### Exercise objective
Repeat the records below exactly. Omit the pictures.

Saved data entries:
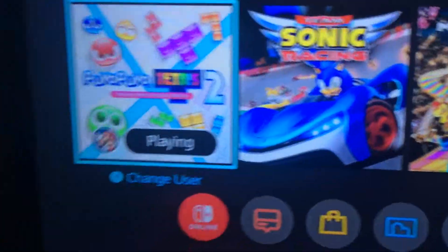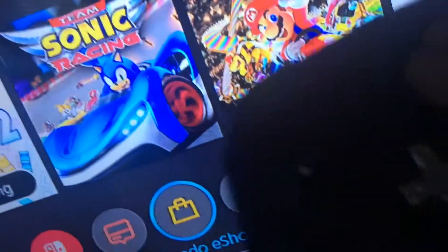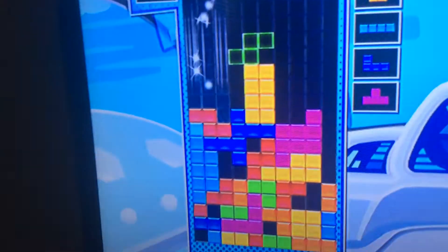First, you should note this button — if you hold it, it will record a video, or if you just press it, it will take a picture. So then you go to Album, then go to a random video, and hit 'Send to Smartphone'.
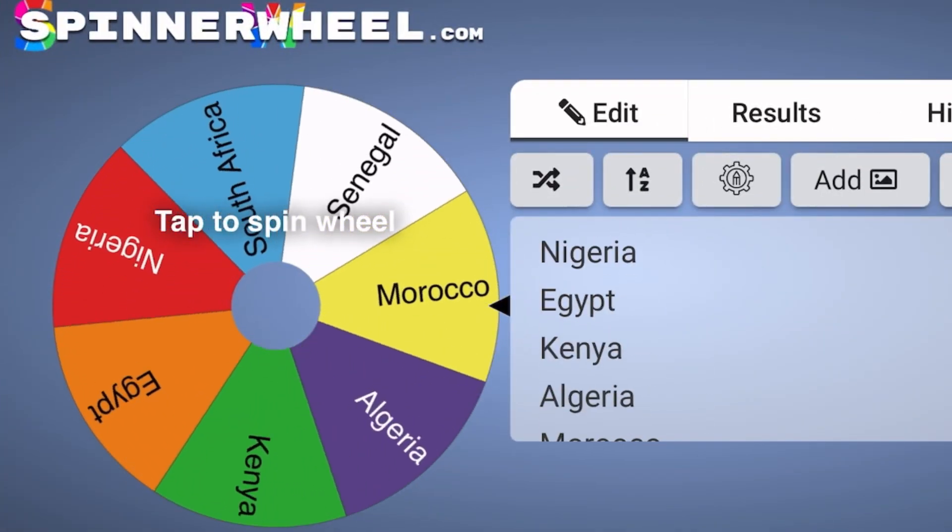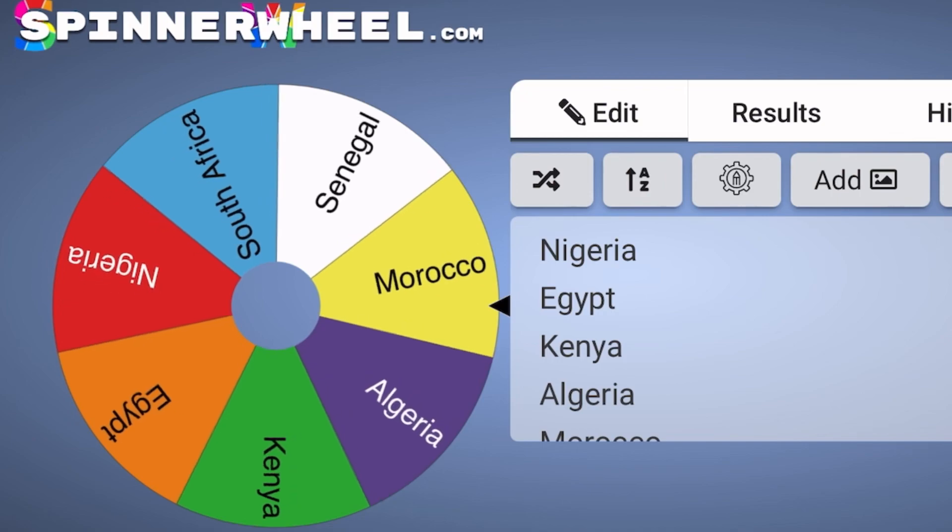Continent number four is going to be Africa, so let's find out what country we'll be preparing a meal from — spin that wheel! We ended up with Morocco. This is interesting because Africa has so many different regions with so many different cuisines. Morocco is a little bit closer to Mediterranean cuisine, so we decided we're going to try a Moroccan style lentil soup.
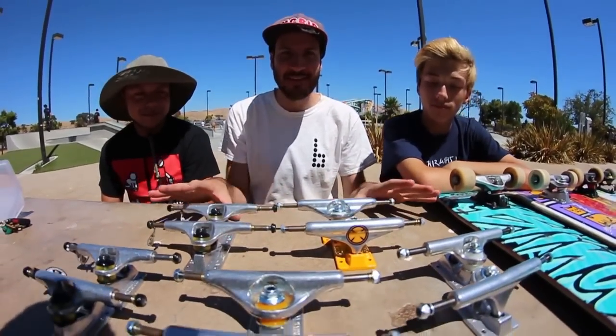Alright guys, we are here today at Fremont Skate Park. This is Gabe Cruz and this is Justin Soria. We have all these trucks, as you can see. These were given to us by Red Curbs Skate Shop — well, I asked if I could borrow them for the video and then I'm going to give them back. So big thank you to Red Curbs in Fremont, California. You guys should check out their shop. It's a really cool shop.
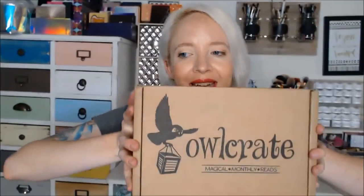Hey guys! So, Owlcrate came in! How are you guys doing today? You doing good? You excited for this unboxing? I'm super stoked. I love Owlcrate. Are you ready?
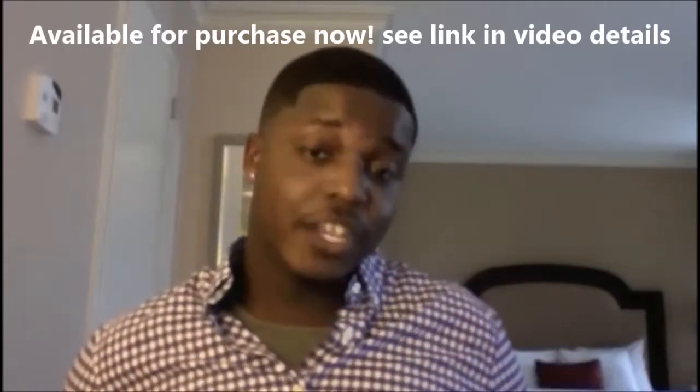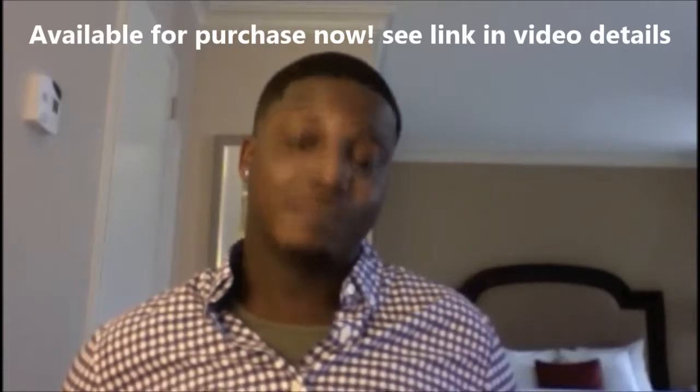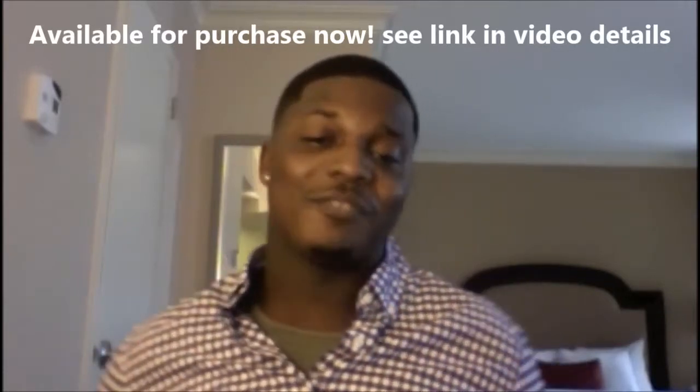Thank you, Mr. Ruttenberg, for creating this amazing product, and I hope the world gets to see it as soon as possible. This is Justin Faulkner signing off. Thank you.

### Solution for this problem
First, you should note this button — if you hold it, it will record a video, or if you just press it, it will take a picture. So then you go to Album, then go to a random video, and hit 'Send to Smartphone'.
Continent number four is going to be Africa, so let's find out what country we'll be preparing a meal from — spin that wheel! We ended up with Morocco. This is interesting because Africa has so many different regions with so many different cuisines. Morocco is a little bit closer to Mediterranean cuisine, so we decided we're going to try a Moroccan style lentil soup.
Alright guys, we are here today at Fremont Skate Park. This is Gabe Cruz and this is Justin Soria. We have all these trucks, as you can see. These were given to us by Red Curbs Skate Shop — well, I asked if I could borrow them for the video and then I'm going to give them back. So big thank you to Red Curbs in Fremont, California. You guys should check out their shop. It's a really cool shop.
Hey guys! So, Owlcrate came in! How are you guys doing today? You doing good? You excited for this unboxing? I'm super stoked. I love Owlcrate. Are you ready?
Thank you, Mr. Ruttenberg, for creating this amazing product, and I hope the world gets to see it as soon as possible. This is Justin Faulkner signing off. Thank you.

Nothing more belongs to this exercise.